Saraswati bersyukur laporan pelecehan seksual cepat ditangani oleh penyidik Polres Tangsel. Dia melaporkan akun Facebook bernama Bang Djoel yang memposting foto hamil Saraswati dan menuliskan kalimat bernada pelecehan seksual.

Read More

“Ya tentunya kami bersyukur saja sebenernya bahwa penindakannya cukup cepat, jadi kami bisa memberikan sesuai apa yang sudah kami laporkan minggu lalu. Ini contoh mereka penyidik dari kepolisian menanggapi serius kasus seperti ini (pelecehan seksual) dan saya mengapresiasi,” terang Saraswati dikutip dari Akurat.

Disinggung mengenai siapa pemilik akun Bang Djoel yang sudah melecehkan dirinya, Saraswati menyerahkan semuanya ke penyidik Polres Tangsel.

“Tentunya harus kami tunggu dari penyidik hasilnya seperti apa, karena tentunya dari mereka yang memberikan bukti tersebut.
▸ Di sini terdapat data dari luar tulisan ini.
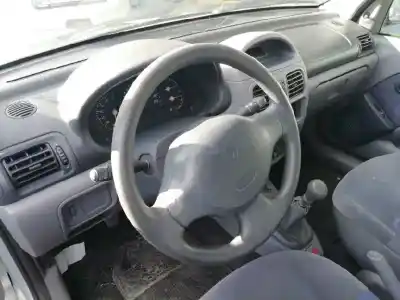 Утилизация автомобиля renault clio ii fase i (b/cbo) 1.4 alize 75 cv / 55 kw года 1999 питание e7j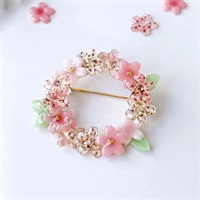 陽春桜＊さくらとスワロフスキーのブローチ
Kami hanya melaporkan bahwa akun tersebutlah yang memposting,” tandasnya.

Sebelumnya, laporan Saraswati diterima Polres Tangsel dan tercatat dengan nomor TBL/1182/K/XI/2020/SPKT/Res Tangsel.

Bang Djoel diketahui, menyebarkan foto Saraswati yang diambilnya dari instagram pribadi milik Saraswati di grup facebook Tangsel Rumah dan Kota Kita.

Dalam unggahannya, Bang Djoel juga menuliskan kalimat bernada pelecehan seksual yang ditujukan ke Saraswati.

“Yg Mau Coblos Udelnya Silahkan.. Udel Dah Diumbar.. Pantaskah Jadi Panutan Apalagi Pemimpin Tangsel?,” tulis akun Bang Djoel.

Unggahan tersebut langsung viral dijagat media sosial dan membuat Saraswati geram.

Kuasa Hukum Saraswati, Maulana Bungaran menjelaskan, unggahan tersebut secara jelas ditujukan ke Saraswati dan memuat unsur pelecehan seksual, dengan kata-kata ‘coblos udelnya’.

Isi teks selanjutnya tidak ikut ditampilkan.